Posted by: Glenn at Jul 29, 2009 10:12:57 AM
Glenn: "It isn't market driven because there is no way we as Americans are going to be hard hearted enough to just let people die."
I think you are restricting the term "market driven" to mean "free market". Even with the government interevention currently in the health care industry, it is still driven by market forces.
Glenn: "Or course, we don't and won't simply let people die because they can't afford to pay for their healthcare. We have all sorts of ways of making sure that people who can't afford the healthcare the need get it."
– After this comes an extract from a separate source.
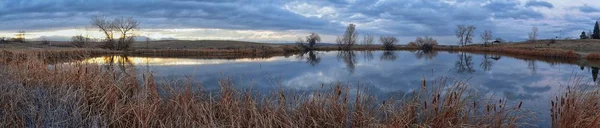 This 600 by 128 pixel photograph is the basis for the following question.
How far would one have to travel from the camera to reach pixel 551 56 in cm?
4488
True. But we have chosen inefficient means of providing health care to the poor. One way we could have provided health care for the poor is to give them vouchers with which to purchase health insurance. Then the government could have stepped aside and let free market forces find the most efficient solution. The problem is that Democrats and Republicans would almost certainly use a different definition for the word "poor". Democrats have no problem piling trillions of dollars in entitlements on the backs of the nation's most productive.